Namun, apabila dampak guncangan indikator itu menunjukkan fluktuasi yang kecil
dan waktu mencapai keseimbangan jangka panjang relatif tidak lama, maka dapat
dikatakan kondisi makroekonomi relatif stabil.
Pernyataan
ini juga dijelaskan dan didiskusikan bersama oleh Siregar dan kawan-kawan yang
tergabung dalam International Center for Applied Finance and Economics
(InterCAFE)-Institut Pertanian Bogor. Upaya untuk menstabilkan perekonomian
dapat dicapai baik melalui kebijakan fiskal ataupun kebijakan moneter.
Kebijakan fiskal yang berkesinambungan berusaha menekan defisit anggaran
serendah mungkin, baik melalui peningkatan pajak maupun pengurangan subsidi.
Dari sisi moneter, sejak pertengahan tahun 2005 telah terjadi perubahan
paradigma, yakni perubahan dari stabilisasi yang berbasis jumlah uang yang
beredar menjadi Inflation Targeting Framework (ITF) dengan menggunakan
instrumen suku bunga.
Perkembangan
perekonomian suatu negara dapat dikatakan sedang meningkat atau menurun
berdasarkan beberapa indikator dasar makroekonominya, diantaranya suku bunga,
jumlah uang yang beredar, inflasi, nilai tukar, dan pengangguran.
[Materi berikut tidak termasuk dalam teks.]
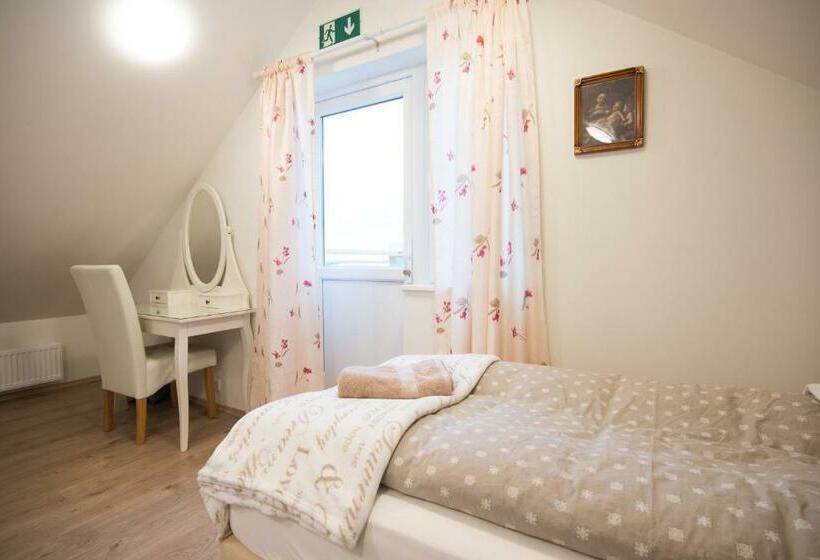 اتاق استاندارد با سرویس بهداشتی مشترک, Guesthouse Grund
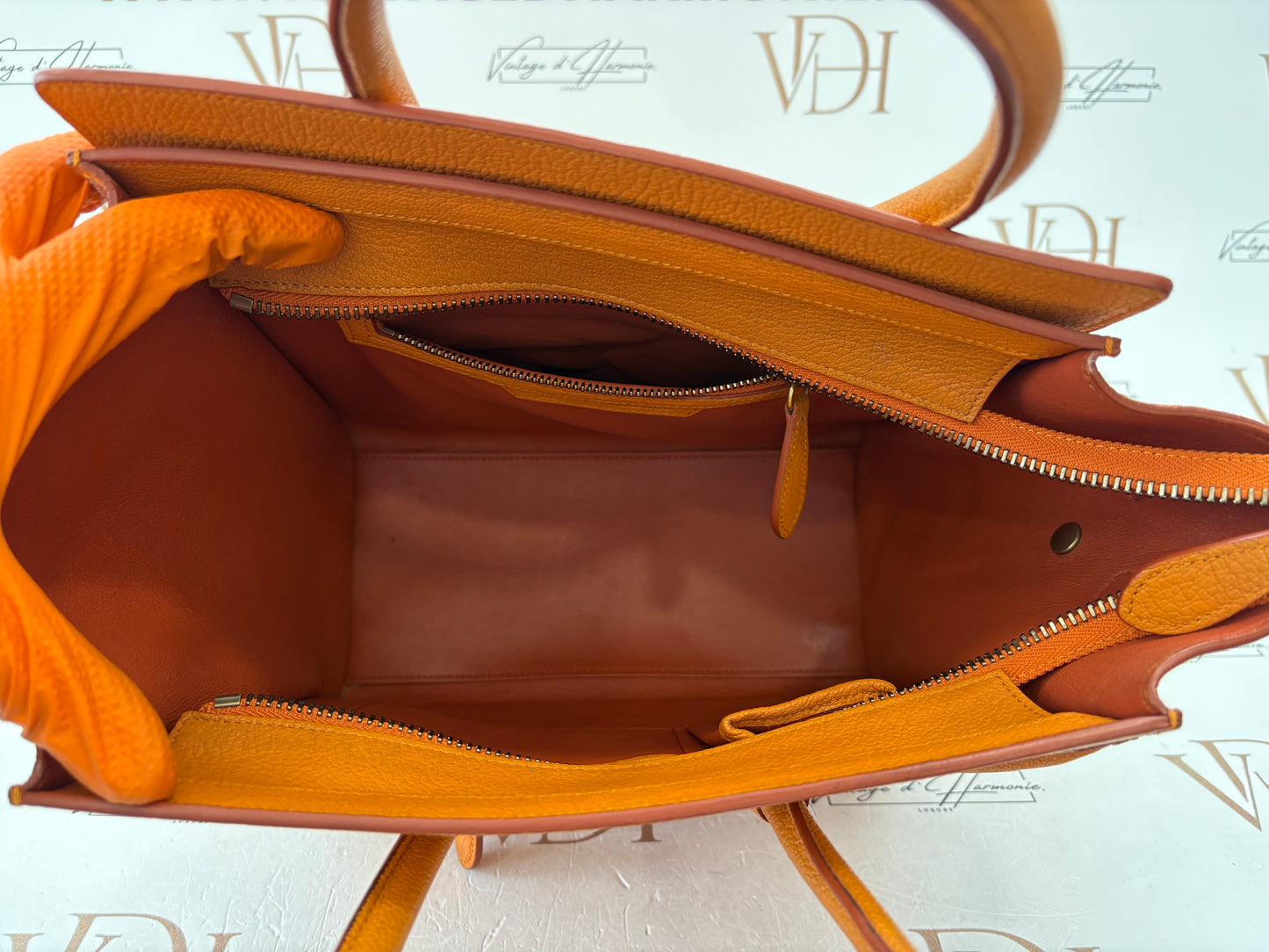 383397 - Céline Luggage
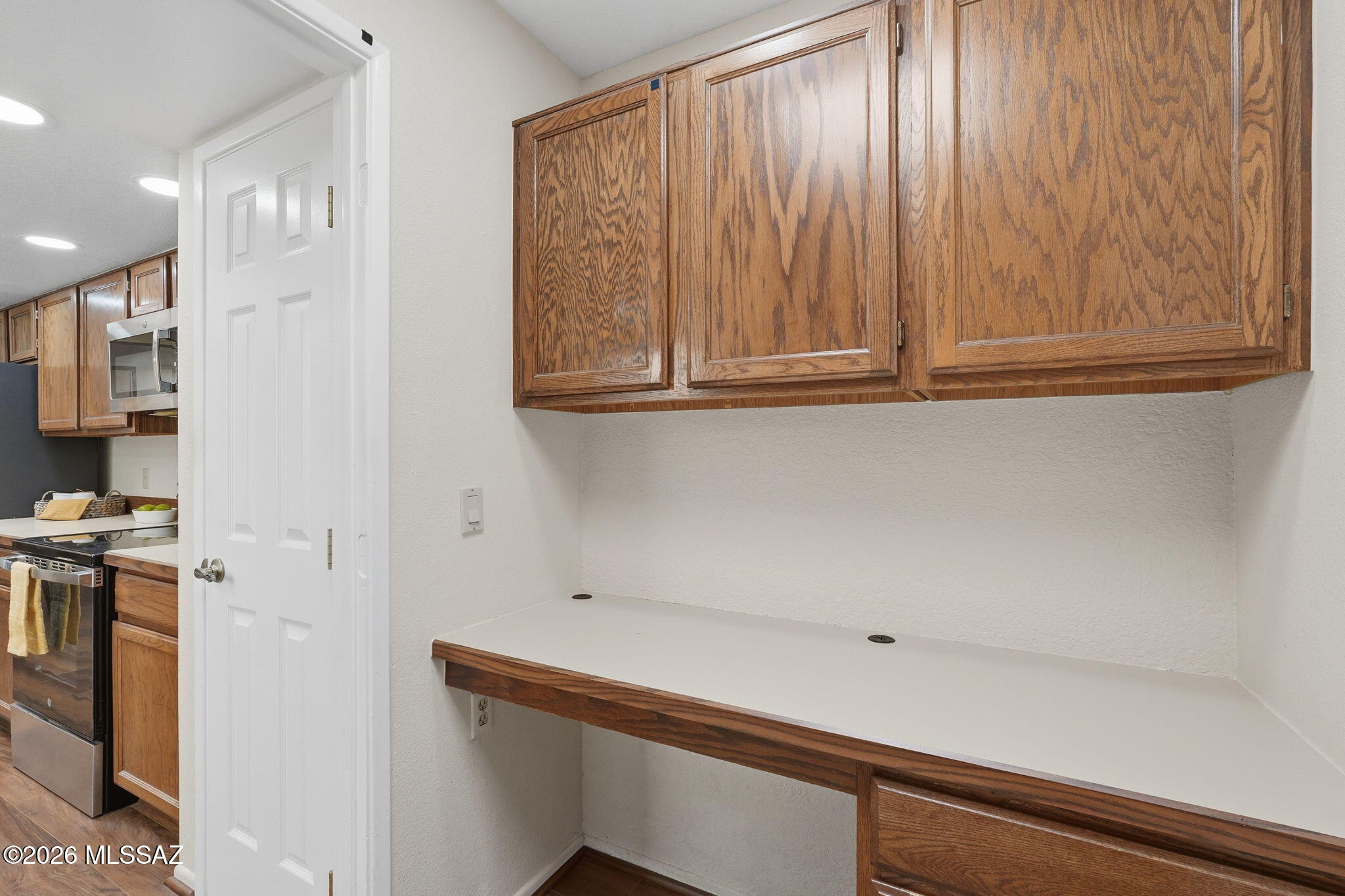 851 W Calle De Emilia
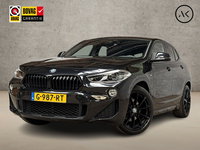 BMW X2 - 1.8i sDrive M Sport 140Pk Automaat (NAVIGATIE, M PAKKET, BLACK PACK, LEDER, STOELVERWARMING, SPORTSTOELEN, GETINT GLAS, SFEERVERLICHTING, PARKEERSENSOREN, NIEUWSTAAT)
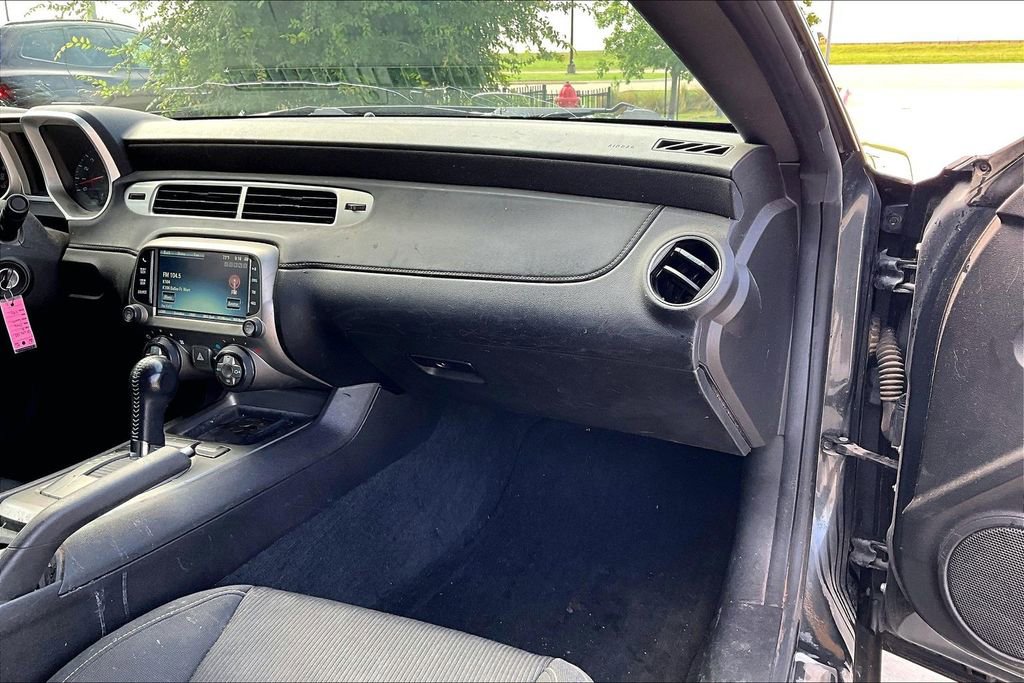 Used 2013 Chevrolet Camaro SS RWD image 20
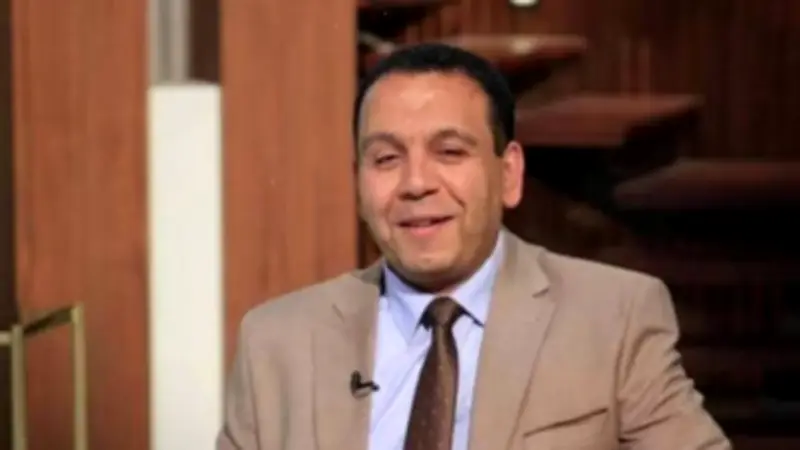 خبير تربوي يطرح مقترحًا مبتكرًا لترشيد استهلاك الطاقة في المدارس عبر إعادة جدولة الامتحانات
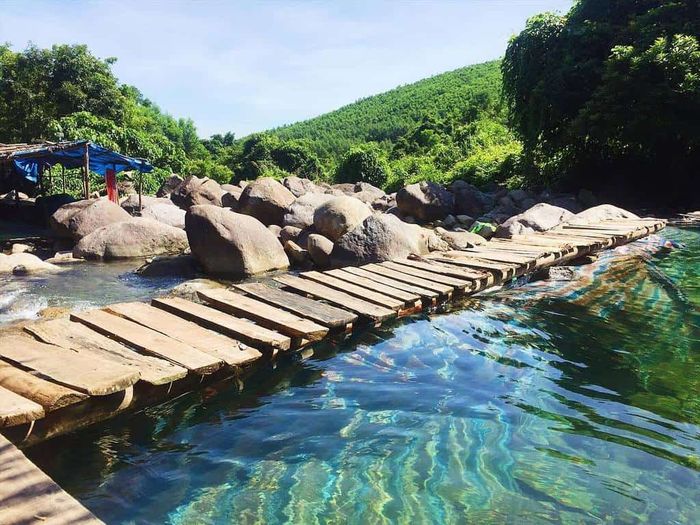 Trải nghiệm dã ngoại tuyệt vời tại Suối Voi Huế trong mùa hè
Bank
Indonesia (BI) sebagai lembaga otoritas moneter telah melakukan stabilisasi
melalui instrumen suku bunga SBI, dimana penetapan SBI dilakukan untuk
mengendalikan jumlah uang yang beredar. Ketika jumlah uang yang beredar di
masyarakat terlalu banyak (berlebih), maka hal ini akan menyebabkan terjadinya
inflasi.
Saat
krisis ekonomi melanda Indonesia, tingkat inflasi meningkat tajam dan pernah
mencapai angka 82,40 persen pada September 1998. Tingkat inflasi yang tinggi
pada saat itu mencerminkan ketidakstabilan harga, hal ini tentu saja mengurangi
daya beli masyarakat. Ketika inflasi terjadi, jumlah uang yang beredar akan
meningkat. Hal tersebut akan berdampak pada terdepresiasinya nilai tukar
Rupiah. Nilai tukar Rupiah selalu mengalami fluktuasi dari tahun ke tahun, pada
saat sebelum krisis yaitu dari tahun 1993-1996, nilai tukar Rupiah berada pada
kisaran 2.110 – 2.383 Rupiah per US Dollar. Namun, ketika terjadi krisis
ekonomi yang melanda kawasan Asia pada pertengahan tahun 1997, perekonomian
Indonesia terkena dampak negatifnya. Krisis ekonomi yang terjadi di Asia ini
diawali dengan melemahnya Bath Thailand yang melahirkan contagion-effect (efek
menular ke negara lain) dan menyebabkan krisis mata uang yang merambat ke
negara Asia lainnya, termasuk Indonesia.
Krisis
mata uang yang melanda Indonesia ditandai dengan melemahnya mata uang Rupiah
terhadap Dollar pada pertengahan tahun 1997. Rupiah yang bernilai Rp 2.540 per
US Dollar pada bulan Juni 1997, mengalami depresiasi secara terus menerus
hingga akhir tahun 1997 mencapai 4.650 Rupiah per US Dollar. Untuk menahan laju
nilai tukar Rupiah ini, maka pada tanggal 14 Agustus 1997 pemerintah melepas
sistem kurs mengambang terkendali (Managed Floating System) dan menerapkan
sistem kurs mengambang bebas (Free Floating System). Namun, memasuki tahun 1998
kondisi nilai tukar Rupiah semakin parah dan puncaknya mencapai 14.850 Rupiah
per US Dollar pada Juni 1998.
Untuk
meredam melemahnya nilai tukar Rupiah terhadap Dollar dan tingkat inflasi yang
tinggi ini, Bank Sentral meningkatkan tingkat suku bunga SBI yang pada bulan
November 1998 menyentuh angka 61 persen per tiga bulan. Langkah yang dilakukan
ini, disatu sisi memang berhasil menurunkan laju inflasi dari 77,63 persen pada
tahun 1998 menjadi 2 persen pada akhir tahun 1999. Namun, disisi lain keadaan ini
berdampak kurang baik pada tingkat investasi di Indonesia. Salah satu buktinya
yaitu pada tahun 1997, pelarian arus modal keluar mencapai 3,5 milyar Dollar,
sementara pada tahun 1998 dan tahun 1999 mengalami penurunan, yakni
masing-masing sebesar 19,7 milyar Dollar dan 11,3 milyar Dollar. Pelarian modal
tentu akan mengakibatkan dana untuk investasi menurun secara
tajam, akibatnya terjadi perputaran dana di sektor riil, dan berdampak
pada penyerapan tenaga kerja. Akibat krisis finansial yang terjadi, banyak para
pengusaha yang gulung tikar karena dililit hutang bank, sehingga banyak pekerja
atau buruh pabrik yang terpaksa di-PHK atau dibebastugaskan oleh perusahaan.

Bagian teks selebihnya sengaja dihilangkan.